Projects

Project - Job Scraping and Analysis

Project - Job Scraping and Analysis

Table of Contents

Project Diagram

diagram

Environment

Development: Ubuntu 20.04 (WSL2) + Python 3.9
Deployment: VM (2 OCPUs (ARM64), 12GB RAM) x 2 on Oracle Cloud

Data Source

Indeed

Indeed job search: Indeed_search

Source: Indeed

I have selected Indeed, the UK’s premier job search platform, as the data source. The focus is on full-time, data science-related positions in the London area to minimise server load. Only recent listings are collected, with new posts automatically crawled daily. The system is designed for future expansion to include other platforms and job types.

Why Distributed?

  1. Enhanced crawler efficiency.
  2. Single-machine limitations and failure risks when scaling up.
  3. Prevention of IP blocking from excessive crawling, mitigated with programmed sleep intervals.

Celery/RabbitMQ/Flower

Celery excels as a distributed system, offering simplicity, flexibility, and reliability for processing large volumes of messages. It’s particularly effective for real-time task processing and scheduling, providing essential tools for operational management.

In a distributed crawling architecture, three key roles are integral:

  1. Producer: Responsible for dispatching tasks to the Broker.
  2. Message Broker (RabbitMQ in this context): Receives tasks and forwards them to Workers.
  3. Worker: Executes tasks received from the Broker, such as Crawlers.

The process flow is straightforward: The producer sends tasks to the queue. Workers, connected to the broker and acting as task executors, then retrieve and process these tasks according to predefined settings.

Below is an overview of RabbitMQ, showcasing two tasks awaiting processing in the queue. The ‘queue’ page provides further insights into each queue’s status and detailed information about the tasks.

RabbitMQ_overview

Worker monitoring is efficiently handled by Flower. It allows us to check whether the workers are active and assess the status of task execution. In this project, we’ve currently enabled two workers, a number that can be adjusted based on project requirements.

Flower_worker

Additionally, Flower provides a comprehensive list of tasks executed by the workers, enhancing the transparency of the workflow.

Flower_task

Scheduling

To crawl new job vacancies daily, the Python package APScheduler schedules the function ‘sent_crawler_task_DE’ to run every day at 12:00 Taipei time.

scheduler = BackgroundScheduler(timezone="Asia/Taipei")
scheduler.add_job(
    id="sent_crawler_task_DE",
    func=sent_crawler_task_DE,
    trigger="cron",
    hour="12",
    minute="0",
    day_of_week="*",
)

API & Load Test

FastAPI stands out for creating RESTful APIs, with the added benefit of auto-generating OpenAPI documentation (OAS3).
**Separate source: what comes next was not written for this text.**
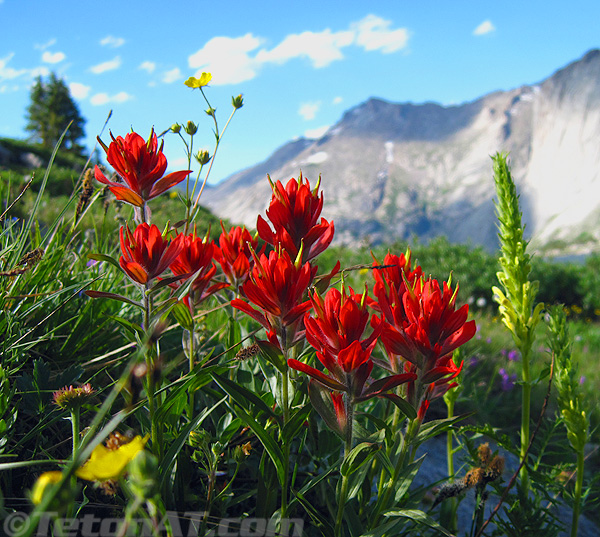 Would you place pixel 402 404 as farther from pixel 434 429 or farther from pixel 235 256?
pixel 235 256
This feature simplifies the testing of APIs directly via a web interface.

Upon specifying the job position and location parameters, the API adeptly returns the relevant job vacancy data in JSON format, showcasing the power of FastAPI in handling dynamic data queries.

OAS3-doc

To ensure the API’s robustness, conducting load testing is a crucial step. ApacheBench (ab), a Python package, is an excellent tool for this purpose. It emulates a scenario where multiple users send concurrent requests to the server, thus testing its capacity to handle heavy traffic.

The command below demonstrates how to perform load testing on a locally deployed API service, with a concurrency level of 10 and a total of 1000 requests:

apt-get install apache2-utils -y
ab -c 10 -n 1000 'http://127.0.0.1:8888/'

The resulting output provides valuable insights:

ab_result

  • Requests per second: Indicates how many requests the API can process each second.
  • Time per request: Represents the average response time for each request, measured in milliseconds.
  • Failed requests: The count of requests that didn’t succeed, offering clues about the server’s stability.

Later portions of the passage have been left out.